■ Assigned task ■
A complete, word-for-word restatement of the entries is needed.

■ Stored data ■
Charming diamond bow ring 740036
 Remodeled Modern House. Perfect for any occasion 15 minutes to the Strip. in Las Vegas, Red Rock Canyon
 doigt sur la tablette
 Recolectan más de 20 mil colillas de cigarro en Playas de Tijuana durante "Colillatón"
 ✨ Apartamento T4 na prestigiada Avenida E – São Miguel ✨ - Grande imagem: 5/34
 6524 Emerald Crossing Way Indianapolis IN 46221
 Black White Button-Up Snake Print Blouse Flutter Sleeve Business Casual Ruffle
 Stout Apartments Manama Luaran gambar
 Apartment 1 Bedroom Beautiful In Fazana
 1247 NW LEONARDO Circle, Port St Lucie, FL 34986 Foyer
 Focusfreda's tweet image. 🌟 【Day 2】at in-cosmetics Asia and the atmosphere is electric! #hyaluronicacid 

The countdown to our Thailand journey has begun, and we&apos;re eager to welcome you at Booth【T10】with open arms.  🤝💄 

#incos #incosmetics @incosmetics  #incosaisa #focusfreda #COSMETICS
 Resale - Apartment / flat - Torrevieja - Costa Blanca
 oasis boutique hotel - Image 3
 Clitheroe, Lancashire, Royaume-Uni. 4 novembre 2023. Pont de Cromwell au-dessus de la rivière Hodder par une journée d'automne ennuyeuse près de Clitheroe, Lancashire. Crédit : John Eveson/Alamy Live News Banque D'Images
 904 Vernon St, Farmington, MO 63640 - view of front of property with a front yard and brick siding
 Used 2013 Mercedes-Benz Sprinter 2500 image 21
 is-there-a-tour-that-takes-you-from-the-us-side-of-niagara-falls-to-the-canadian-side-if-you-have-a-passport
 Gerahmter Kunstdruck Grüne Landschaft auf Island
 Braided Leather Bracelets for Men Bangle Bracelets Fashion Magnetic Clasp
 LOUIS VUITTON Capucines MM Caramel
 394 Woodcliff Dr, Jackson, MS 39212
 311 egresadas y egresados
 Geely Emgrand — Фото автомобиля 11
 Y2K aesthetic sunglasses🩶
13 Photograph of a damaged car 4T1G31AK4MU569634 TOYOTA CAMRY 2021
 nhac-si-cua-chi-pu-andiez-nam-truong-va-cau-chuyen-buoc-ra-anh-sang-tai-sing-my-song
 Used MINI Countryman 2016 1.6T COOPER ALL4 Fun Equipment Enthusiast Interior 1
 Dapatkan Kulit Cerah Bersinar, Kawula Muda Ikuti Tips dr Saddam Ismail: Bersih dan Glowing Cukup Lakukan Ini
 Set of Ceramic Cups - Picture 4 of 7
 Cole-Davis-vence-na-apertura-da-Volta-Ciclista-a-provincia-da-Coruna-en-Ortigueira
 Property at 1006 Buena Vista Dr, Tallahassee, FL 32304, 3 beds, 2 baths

■ Response area ■
Charming diamond bow ring 740036
 Remodeled Modern House. Perfect for any occasion 15 minutes to the Strip. in Las Vegas, Red Rock Canyon
 doigt sur la tablette
 Recolectan más de 20 mil colillas de cigarro en Playas de Tijuana durante "Colillatón"
 ✨ Apartamento T4 na prestigiada Avenida E – São Miguel ✨ - Grande imagem: 5/34
 6524 Emerald Crossing Way Indianapolis IN 46221
 Black White Button-Up Snake Print Blouse Flutter Sleeve Business Casual Ruffle
 Stout Apartments Manama Luaran gambar
 Apartment 1 Bedroom Beautiful In Fazana
 1247 NW LEONARDO Circle, Port St Lucie, FL 34986 Foyer
 Focusfreda's tweet image. 🌟 【Day 2】at in-cosmetics Asia and the atmosphere is electric! #hyaluronicacid 

The countdown to our Thailand journey has begun, and we&apos;re eager to welcome you at Booth【T10】with open arms.  🤝💄 

#incos #incosmetics @incosmetics  #incosaisa #focusfreda #COSMETICS
 Resale - Apartment / flat - Torrevieja - Costa Blanca
 oasis boutique hotel - Image 3
 Clitheroe, Lancashire, Royaume-Uni. 4 novembre 2023. Pont de Cromwell au-dessus de la rivière Hodder par une journée d'automne ennuyeuse près de Clitheroe, Lancashire. Crédit : John Eveson/Alamy Live News Banque D'Images
 904 Vernon St, Farmington, MO 63640 - view of front of property with a front yard and brick siding
 Used 2013 Mercedes-Benz Sprinter 2500 image 21
 is-there-a-tour-that-takes-you-from-the-us-side-of-niagara-falls-to-the-canadian-side-if-you-have-a-passport
 Gerahmter Kunstdruck Grüne Landschaft auf Island
 Braided Leather Bracelets for Men Bangle Bracelets Fashion Magnetic Clasp
 LOUIS VUITTON Capucines MM Caramel
 394 Woodcliff Dr, Jackson, MS 39212
 311 egresadas y egresados
 Geely Emgrand — Фото автомобиля 11
 Y2K aesthetic sunglasses🩶
13 Photograph of a damaged car 4T1G31AK4MU569634 TOYOTA CAMRY 2021
 nhac-si-cua-chi-pu-andiez-nam-truong-va-cau-chuyen-buoc-ra-anh-sang-tai-sing-my-song
 Used MINI Countryman 2016 1.6T COOPER ALL4 Fun Equipment Enthusiast Interior 1
 Dapatkan Kulit Cerah Bersinar, Kawula Muda Ikuti Tips dr Saddam Ismail: Bersih dan Glowing Cukup Lakukan Ini
 Set of Ceramic Cups - Picture 4 of 7
 Cole-Davis-vence-na-apertura-da-Volta-Ciclista-a-provincia-da-Coruna-en-Ortigueira
 Property at 1006 Buena Vista Dr, Tallahassee, FL 32304, 3 beds, 2 baths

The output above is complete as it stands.